Your goal:
Whenever a line below mentions the word "mannen", that line should be copied.

─── Given data ───

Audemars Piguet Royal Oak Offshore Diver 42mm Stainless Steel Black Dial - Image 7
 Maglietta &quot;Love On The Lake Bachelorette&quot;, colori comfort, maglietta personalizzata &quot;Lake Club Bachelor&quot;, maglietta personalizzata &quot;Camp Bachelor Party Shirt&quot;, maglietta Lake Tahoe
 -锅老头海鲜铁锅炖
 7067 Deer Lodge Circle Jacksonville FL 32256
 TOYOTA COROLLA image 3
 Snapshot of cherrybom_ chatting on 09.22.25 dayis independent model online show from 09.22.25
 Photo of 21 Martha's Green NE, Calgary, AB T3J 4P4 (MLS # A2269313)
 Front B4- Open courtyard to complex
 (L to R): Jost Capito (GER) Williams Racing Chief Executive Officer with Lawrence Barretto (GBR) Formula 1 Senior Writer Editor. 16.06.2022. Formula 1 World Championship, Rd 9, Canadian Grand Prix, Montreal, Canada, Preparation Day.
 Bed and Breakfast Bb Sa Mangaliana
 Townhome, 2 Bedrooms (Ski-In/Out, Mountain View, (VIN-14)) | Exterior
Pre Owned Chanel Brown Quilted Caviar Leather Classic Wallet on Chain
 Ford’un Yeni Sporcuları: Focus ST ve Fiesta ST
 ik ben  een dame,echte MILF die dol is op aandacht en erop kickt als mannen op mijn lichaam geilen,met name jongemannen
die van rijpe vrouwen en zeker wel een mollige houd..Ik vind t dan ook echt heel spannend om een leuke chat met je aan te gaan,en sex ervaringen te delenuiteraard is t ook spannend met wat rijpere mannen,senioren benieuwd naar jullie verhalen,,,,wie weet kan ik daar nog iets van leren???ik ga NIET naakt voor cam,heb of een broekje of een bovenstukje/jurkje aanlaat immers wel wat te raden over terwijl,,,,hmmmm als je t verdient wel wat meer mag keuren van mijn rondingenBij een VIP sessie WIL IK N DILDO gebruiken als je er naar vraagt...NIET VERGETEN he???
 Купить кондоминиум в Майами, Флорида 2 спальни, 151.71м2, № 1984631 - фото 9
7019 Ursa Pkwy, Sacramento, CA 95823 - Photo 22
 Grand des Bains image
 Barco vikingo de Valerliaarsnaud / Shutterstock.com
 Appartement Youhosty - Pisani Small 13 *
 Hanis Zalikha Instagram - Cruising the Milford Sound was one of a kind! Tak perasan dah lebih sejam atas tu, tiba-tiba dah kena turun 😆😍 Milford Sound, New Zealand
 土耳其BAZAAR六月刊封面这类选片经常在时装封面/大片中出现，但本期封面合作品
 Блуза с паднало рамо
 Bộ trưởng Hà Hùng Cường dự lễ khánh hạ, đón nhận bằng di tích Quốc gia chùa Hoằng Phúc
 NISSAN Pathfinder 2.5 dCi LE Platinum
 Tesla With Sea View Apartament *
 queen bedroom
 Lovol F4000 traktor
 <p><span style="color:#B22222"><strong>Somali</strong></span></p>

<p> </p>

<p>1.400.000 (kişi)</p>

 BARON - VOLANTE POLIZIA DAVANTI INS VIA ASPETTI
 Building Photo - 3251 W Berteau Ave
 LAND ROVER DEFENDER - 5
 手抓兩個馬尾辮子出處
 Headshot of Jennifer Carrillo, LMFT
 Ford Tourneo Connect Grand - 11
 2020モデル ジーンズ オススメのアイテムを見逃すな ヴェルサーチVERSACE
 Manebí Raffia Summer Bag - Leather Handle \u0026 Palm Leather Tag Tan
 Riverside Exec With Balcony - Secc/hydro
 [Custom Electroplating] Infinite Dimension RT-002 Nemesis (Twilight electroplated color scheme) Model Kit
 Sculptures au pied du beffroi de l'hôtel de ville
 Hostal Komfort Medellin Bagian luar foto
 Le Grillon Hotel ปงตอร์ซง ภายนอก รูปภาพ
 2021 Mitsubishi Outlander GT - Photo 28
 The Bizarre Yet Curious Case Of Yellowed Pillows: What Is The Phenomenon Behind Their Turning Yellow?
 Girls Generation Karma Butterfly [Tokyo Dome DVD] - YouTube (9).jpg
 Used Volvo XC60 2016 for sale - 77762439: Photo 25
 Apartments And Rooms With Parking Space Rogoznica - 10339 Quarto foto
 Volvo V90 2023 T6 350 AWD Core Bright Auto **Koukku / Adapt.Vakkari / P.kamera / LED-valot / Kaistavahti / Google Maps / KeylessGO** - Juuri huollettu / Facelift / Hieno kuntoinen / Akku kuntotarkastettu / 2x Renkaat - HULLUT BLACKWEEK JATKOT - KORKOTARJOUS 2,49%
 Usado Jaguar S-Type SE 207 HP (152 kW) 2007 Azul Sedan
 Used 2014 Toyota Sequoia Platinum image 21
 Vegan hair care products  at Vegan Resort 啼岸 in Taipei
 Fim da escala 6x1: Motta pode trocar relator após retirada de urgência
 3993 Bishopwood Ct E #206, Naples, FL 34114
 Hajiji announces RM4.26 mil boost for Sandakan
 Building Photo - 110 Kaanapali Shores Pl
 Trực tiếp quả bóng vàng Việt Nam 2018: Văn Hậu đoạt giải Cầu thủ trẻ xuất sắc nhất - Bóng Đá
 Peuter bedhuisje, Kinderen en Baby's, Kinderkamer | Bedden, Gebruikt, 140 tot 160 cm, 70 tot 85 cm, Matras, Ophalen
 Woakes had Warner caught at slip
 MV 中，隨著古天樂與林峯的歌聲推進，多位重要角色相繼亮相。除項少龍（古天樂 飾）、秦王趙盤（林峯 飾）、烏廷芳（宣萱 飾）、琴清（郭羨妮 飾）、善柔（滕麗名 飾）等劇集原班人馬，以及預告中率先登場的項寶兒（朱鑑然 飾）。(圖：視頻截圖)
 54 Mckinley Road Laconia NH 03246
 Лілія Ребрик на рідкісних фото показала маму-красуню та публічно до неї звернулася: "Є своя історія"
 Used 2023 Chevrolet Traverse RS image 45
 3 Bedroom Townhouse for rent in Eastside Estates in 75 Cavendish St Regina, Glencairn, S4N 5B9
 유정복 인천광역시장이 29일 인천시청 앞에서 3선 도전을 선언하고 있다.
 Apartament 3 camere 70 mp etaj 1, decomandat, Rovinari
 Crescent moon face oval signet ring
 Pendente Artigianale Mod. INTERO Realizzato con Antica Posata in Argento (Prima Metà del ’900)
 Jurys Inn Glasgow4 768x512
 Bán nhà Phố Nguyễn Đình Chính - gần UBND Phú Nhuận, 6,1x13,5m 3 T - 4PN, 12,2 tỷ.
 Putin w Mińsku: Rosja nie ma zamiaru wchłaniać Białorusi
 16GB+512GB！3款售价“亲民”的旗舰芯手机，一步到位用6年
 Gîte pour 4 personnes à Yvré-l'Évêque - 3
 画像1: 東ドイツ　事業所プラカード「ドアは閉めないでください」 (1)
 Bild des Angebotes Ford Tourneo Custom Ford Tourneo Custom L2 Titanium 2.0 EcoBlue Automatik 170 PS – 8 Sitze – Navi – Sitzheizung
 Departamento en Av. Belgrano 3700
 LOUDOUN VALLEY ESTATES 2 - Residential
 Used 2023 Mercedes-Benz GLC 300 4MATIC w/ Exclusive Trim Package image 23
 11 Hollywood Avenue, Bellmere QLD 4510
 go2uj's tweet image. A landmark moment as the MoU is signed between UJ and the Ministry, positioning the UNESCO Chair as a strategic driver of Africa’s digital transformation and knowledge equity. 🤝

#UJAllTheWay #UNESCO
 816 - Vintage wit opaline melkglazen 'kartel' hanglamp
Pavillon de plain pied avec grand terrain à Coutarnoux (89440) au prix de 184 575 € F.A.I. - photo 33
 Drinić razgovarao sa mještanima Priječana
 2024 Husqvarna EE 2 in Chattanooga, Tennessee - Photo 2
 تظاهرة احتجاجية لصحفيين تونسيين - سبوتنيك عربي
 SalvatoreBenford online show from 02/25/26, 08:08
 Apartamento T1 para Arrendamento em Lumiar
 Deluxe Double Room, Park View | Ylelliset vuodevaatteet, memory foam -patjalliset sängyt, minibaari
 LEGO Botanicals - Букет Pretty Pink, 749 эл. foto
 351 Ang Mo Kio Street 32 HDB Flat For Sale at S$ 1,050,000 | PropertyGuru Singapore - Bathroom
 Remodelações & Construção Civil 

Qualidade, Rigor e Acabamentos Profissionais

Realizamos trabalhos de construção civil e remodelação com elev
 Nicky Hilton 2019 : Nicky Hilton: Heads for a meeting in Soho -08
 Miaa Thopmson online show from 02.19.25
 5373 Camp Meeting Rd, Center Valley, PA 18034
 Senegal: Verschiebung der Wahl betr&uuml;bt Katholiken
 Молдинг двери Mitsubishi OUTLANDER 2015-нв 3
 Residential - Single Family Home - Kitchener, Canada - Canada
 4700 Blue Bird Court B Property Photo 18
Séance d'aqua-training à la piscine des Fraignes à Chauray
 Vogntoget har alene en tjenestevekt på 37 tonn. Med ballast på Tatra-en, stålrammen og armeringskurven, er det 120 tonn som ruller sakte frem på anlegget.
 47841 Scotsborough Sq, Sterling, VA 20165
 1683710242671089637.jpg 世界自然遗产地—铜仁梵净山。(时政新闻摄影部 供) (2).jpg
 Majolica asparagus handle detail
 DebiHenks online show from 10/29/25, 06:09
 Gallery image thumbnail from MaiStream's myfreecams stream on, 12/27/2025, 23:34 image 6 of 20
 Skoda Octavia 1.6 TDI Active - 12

───

The answer:
 ik ben  een dame,echte MILF die dol is op aandacht en erop kickt als mannen op mijn lichaam geilen,met name jongemannen
die van rijpe vrouwen en zeker wel een mollige houd..Ik vind t dan ook echt heel spannend om een leuke chat met je aan te gaan,en sex ervaringen te delenuiteraard is t ook spannend met wat rijpere mannen,senioren benieuwd naar jullie verhalen,,,,wie weet kan ik daar nog iets van leren???ik ga NIET naakt voor cam,heb of een broekje of een bovenstukje/jurkje aanlaat immers wel wat te raden over terwijl,,,,hmmmm als je t verdient wel wat meer mag keuren van mijn rondingenBij een VIP sessie WIL IK N DILDO gebruiken als je er naar vraagt...NIET VERGETEN he???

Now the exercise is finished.